● **What the task asks**
Nothing but the lines from the one with "A late Victorian" through the end of the data should be set down, each exactly as written, and no picture should be included.

** Recorded information follows **

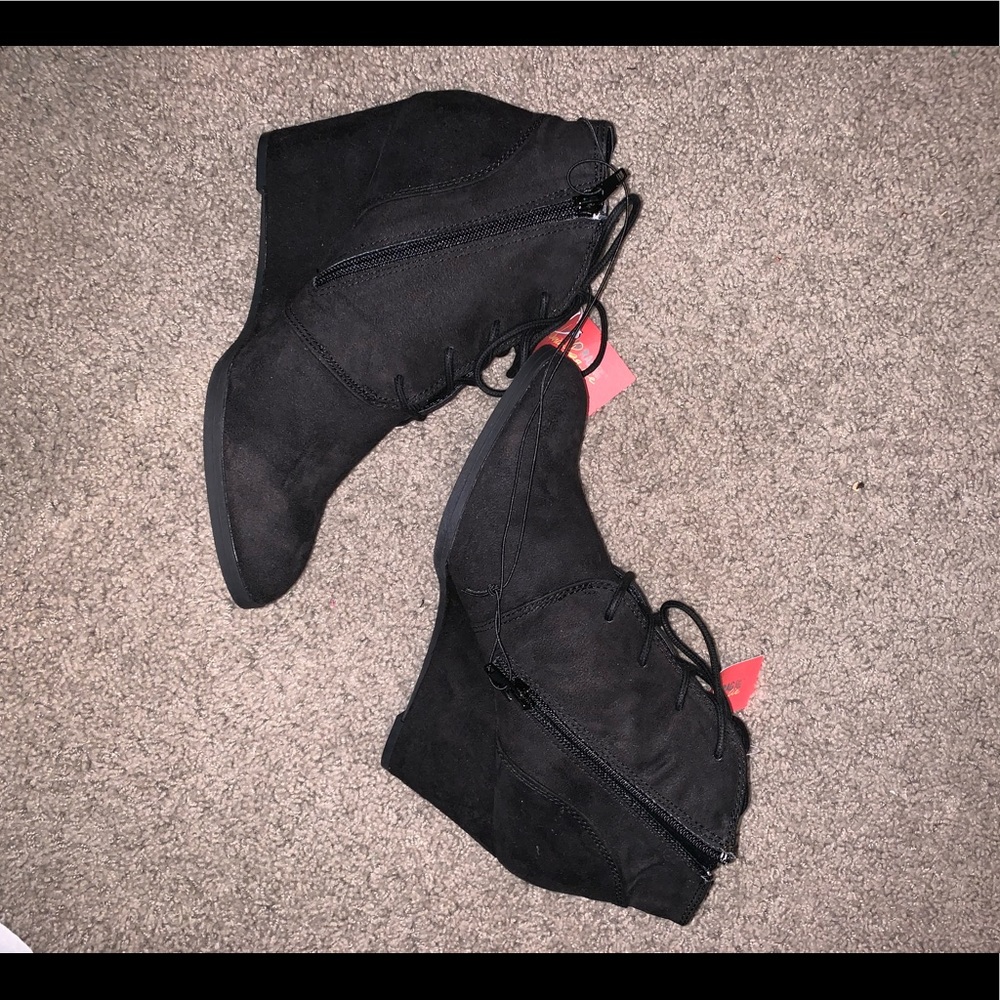 Black wedge booties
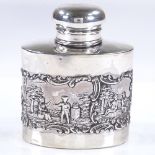 A late Victorian oval silver tea caddy, with relief embossed lover scenes, by Levi & Salaman,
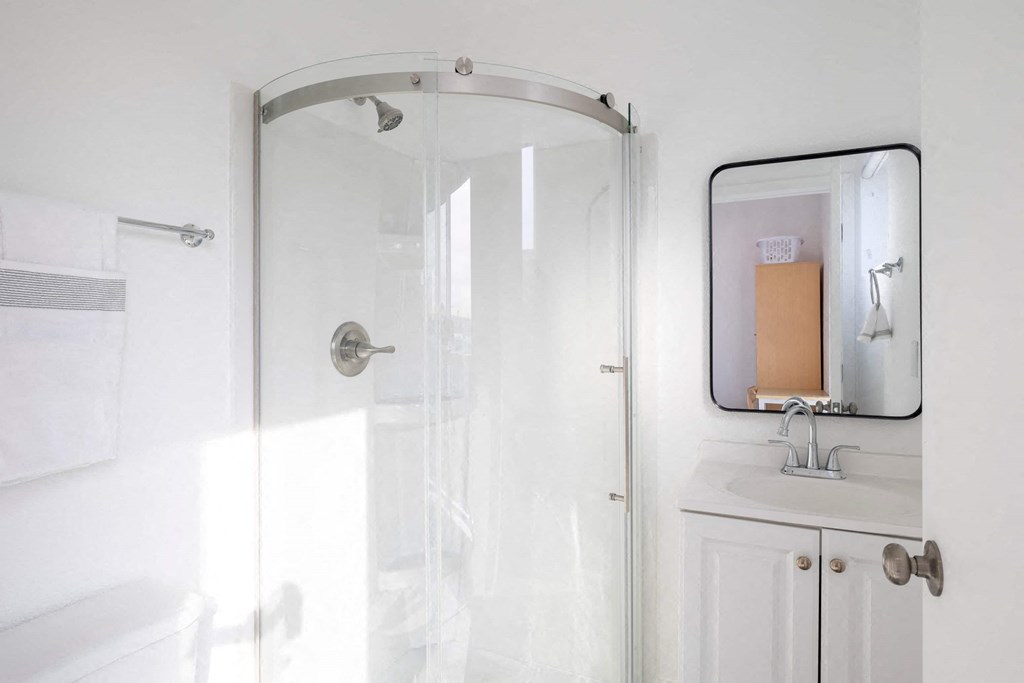 A white bathroom with a glass shower door and a mirror above a sink.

** End of Recorded information **

● **Problem solution**
 A late Victorian oval silver tea caddy, with relief embossed lover scenes, by Levi & Salaman,
 A white bathroom with a glass shower door and a mirror above a sink.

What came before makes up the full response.